The last I saw of Big Joe was in '64 before I headed East for the summer. I was asked by Bob Koester of Delmar Records (later Delmark Records) to, if I could, look into the Library Of Congress Archive Of Folk Song files to see what Blind Lemon Jefferson 78s they might have from the Broadway and Paramount Records labels and a few others. (They didn't have much in 78s back then, and they may not now. They weren't record collectors there.) ----------

I remember getting a postcard from Bob Koester while I was in D.C. saying something like, "Big Joe played a bar and a fracas broke out. Joe almost killed bluesman Jimmy Brown and left town pretty darn quick."---I don't remember Joe ever coming back to Chicago after that.
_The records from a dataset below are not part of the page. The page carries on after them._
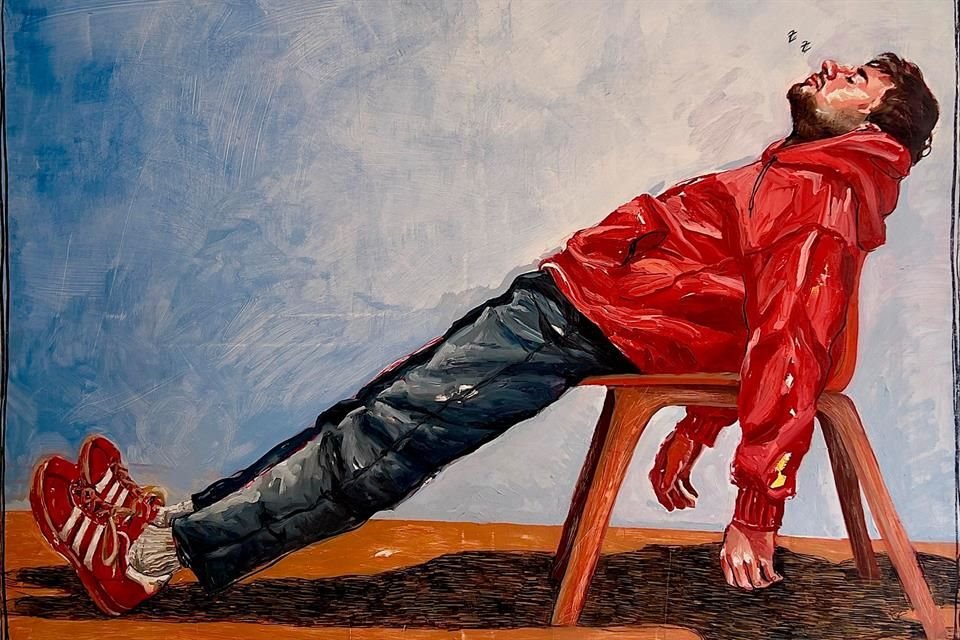 Pieza de la exposición 'When you Sleep', de la artista española Inés Jimm en Galería Adentro.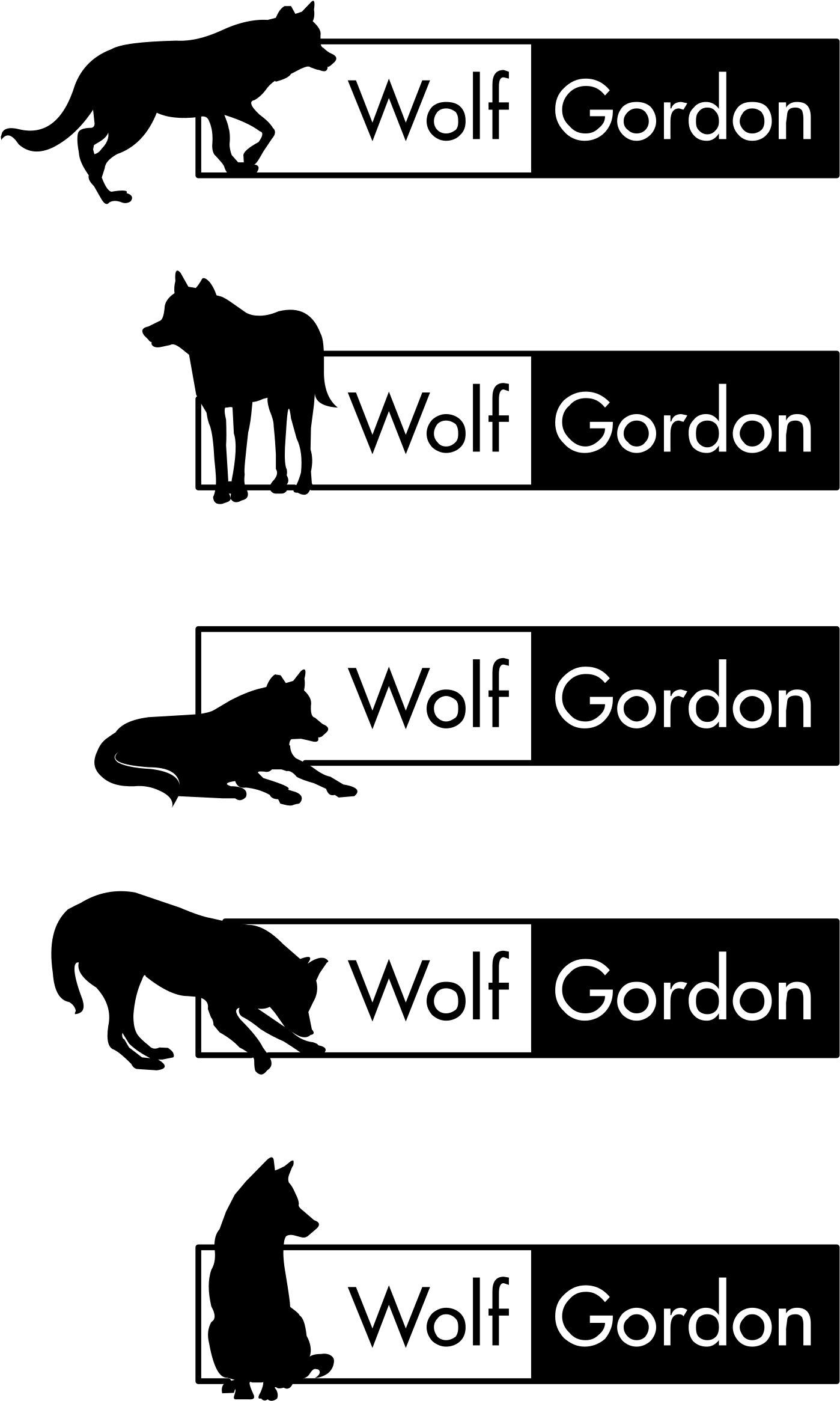 Wolf Gordon Logo Variations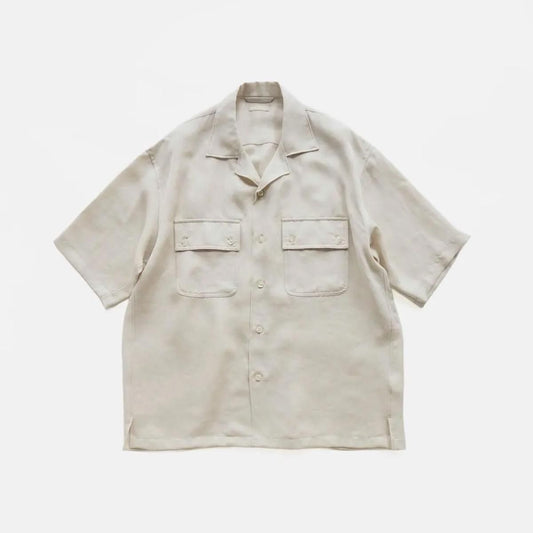 TA/R/L TWILL OPEN COLLAR SHIRT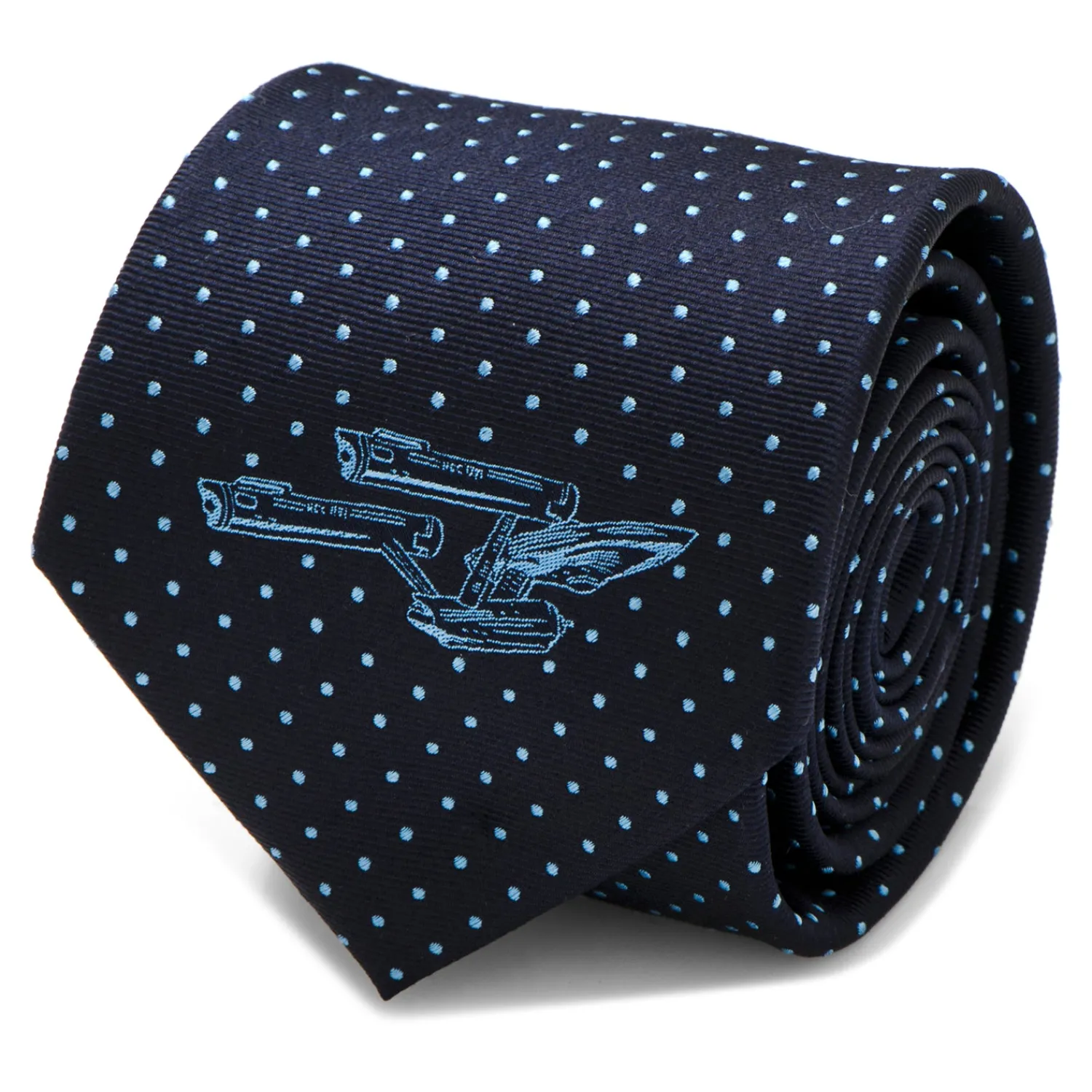 Sale Enterprise Dot Blue Men's Tie Star Trek Ties | Hobbies & Interests Cufflinks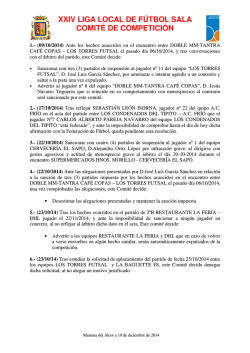 Comit&eacute; de competici&oacute;n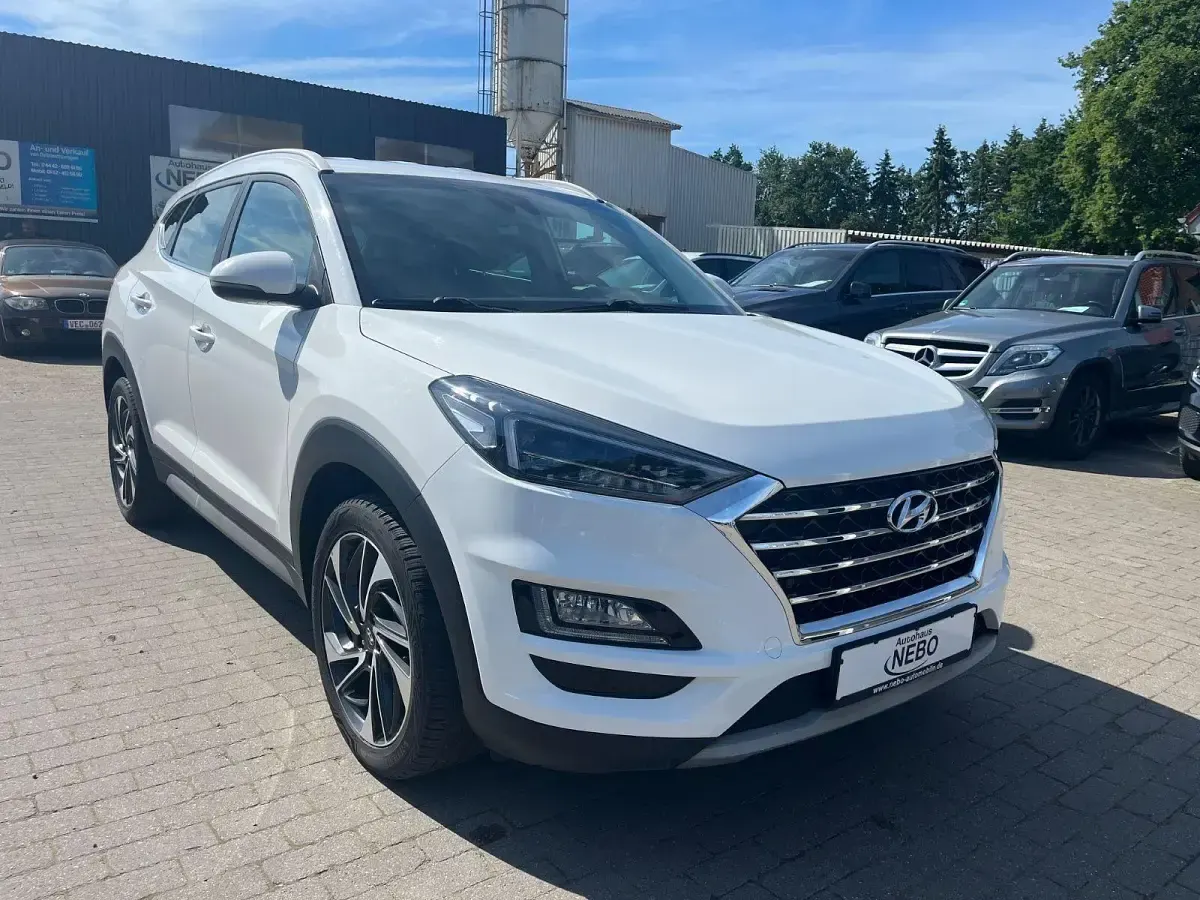 Gebraucht Hyundai Tucson Style 177 PS (130 kW) 2019 Weiß SUV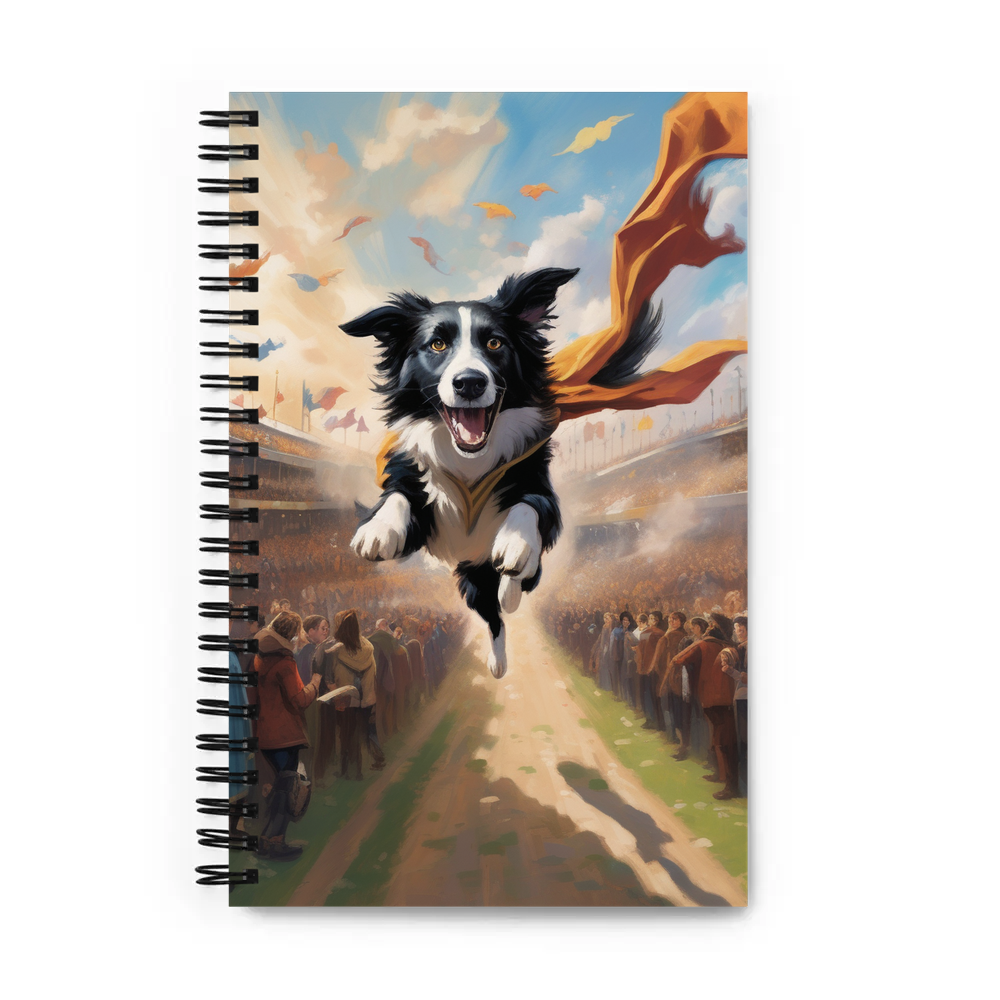 PugMug Custom Border Collie Spiral Notebook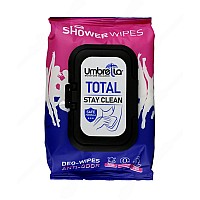 دستمال مرطوب خوشبو کننده بدن توتال آمبرلا بسته 50 عددی | رطوبت رسان و خوشبو کننده
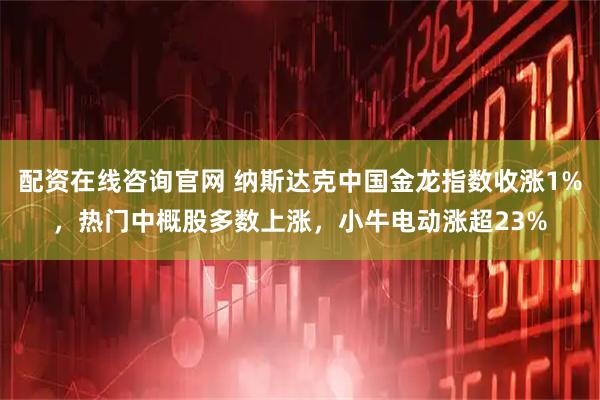配资在线咨询官网 纳斯达克中国金龙指数收涨1%，热门中概股多数上涨，小牛电动涨超23%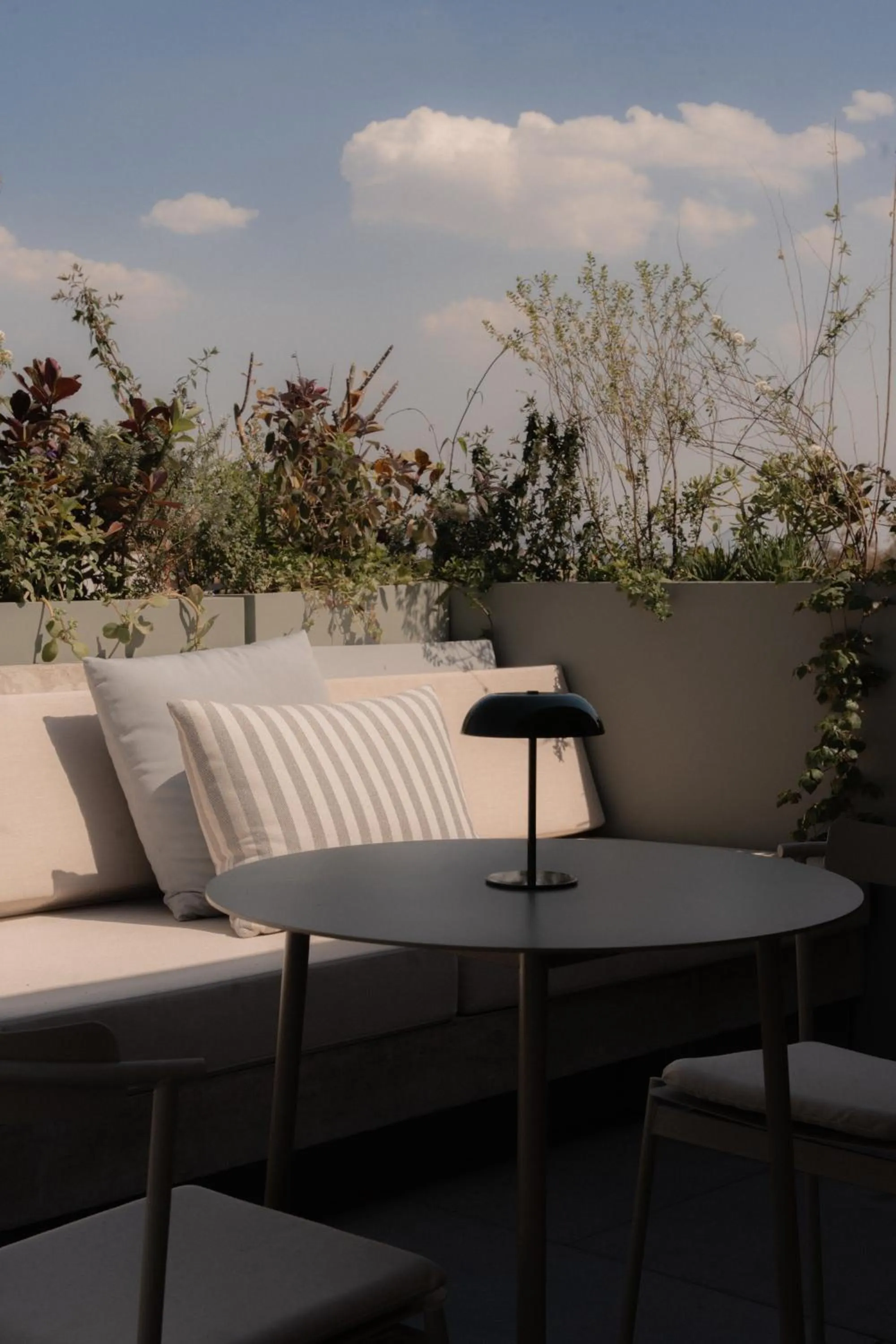 Seating area in ONTO Alvaro Obregon Mexico City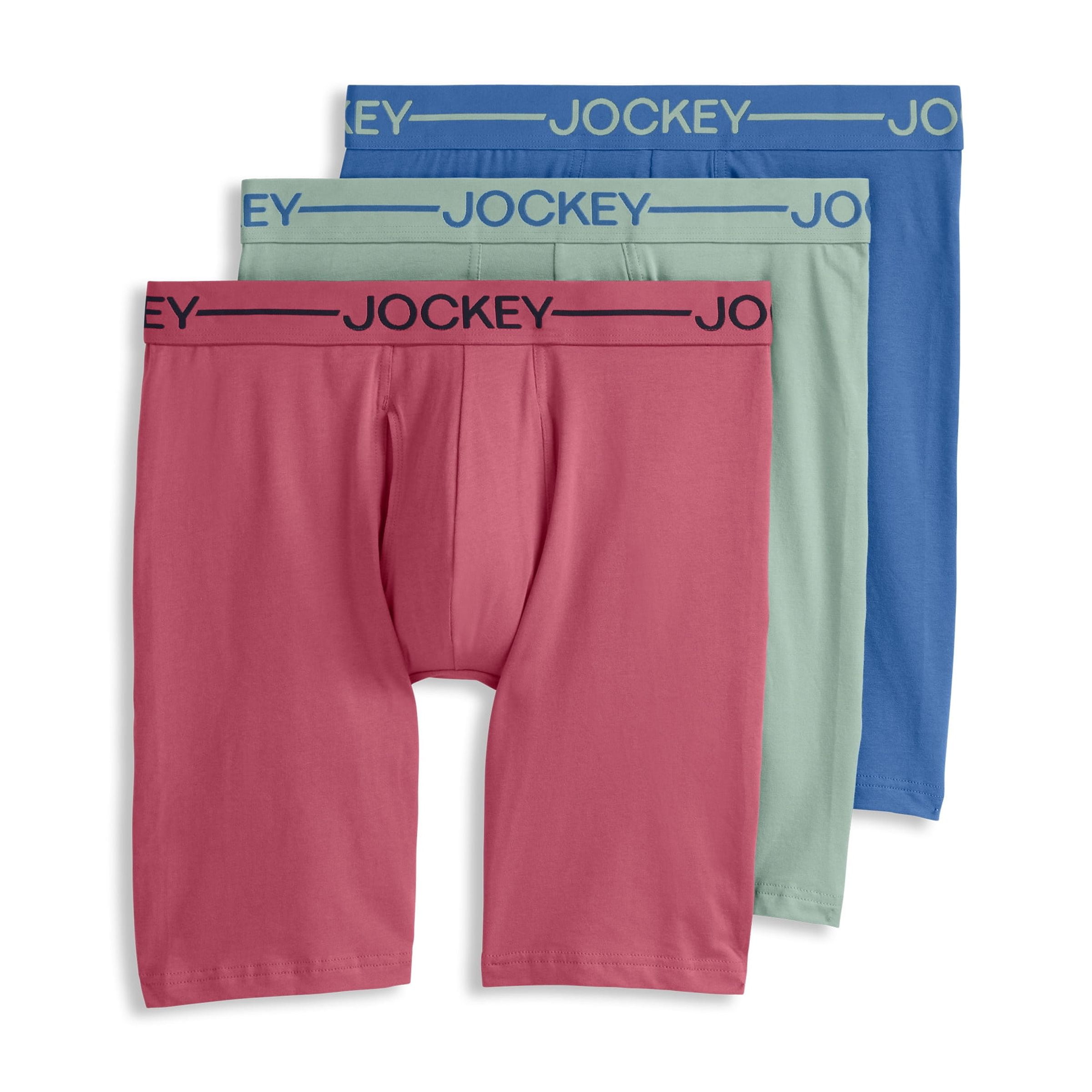 Jockey Men's Organic Cotton Stretch Long Leg Boxer Brief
I carried memories of Joe's 9-string for a bunch of years. When my hands started going numb from what finally turned out to be MS, I began looking for ways to make picking easier. It seemed to me that a 9-string with single 6-5 and 4th (for clear bass tones) strings and doubled 1-2 and 3 would get more sound when strumming even though my picking was deteriorating. I added 3 banjo planetary gears to the center of the tuning stock of my Martin D-76 that I'd won in a raffle at the Old Town School Of Folk Music. It worked for a while--until I couldn't make chords any more. (I'd tried using an Alvarez factory made 9-string for a while but didn't like it at all.)

That nice Martin guitar cost me $3.00 in raffle tickets.

Somewhere else here at Mudcat I told about Big Joe Williams' set at the University Of Chicago Folk Festival in the early 60s. He sat down to play and it became pretty obvious that the crotch was worn out in his pants. Someone from the Folklore Society came out and whispered a few words to Joe. He left the stage and an un-announced intermission ensued.------------------ On returning to the stage, Joe sat down and did his whole set with about 25 or more safety pins holding his pants together--and when the spotlight hit those safety pins, it was like being at a dance with one of those big mirrored reflecting balls (no pun intended) shooting a light show everywhere.

It was just great!!! One of those things ya don't forget!!!!!!

Feel free to re-print any of these tales on your site. Lately, I don't get out much. And it's nice to still be making some musical waves in our music scene/pond.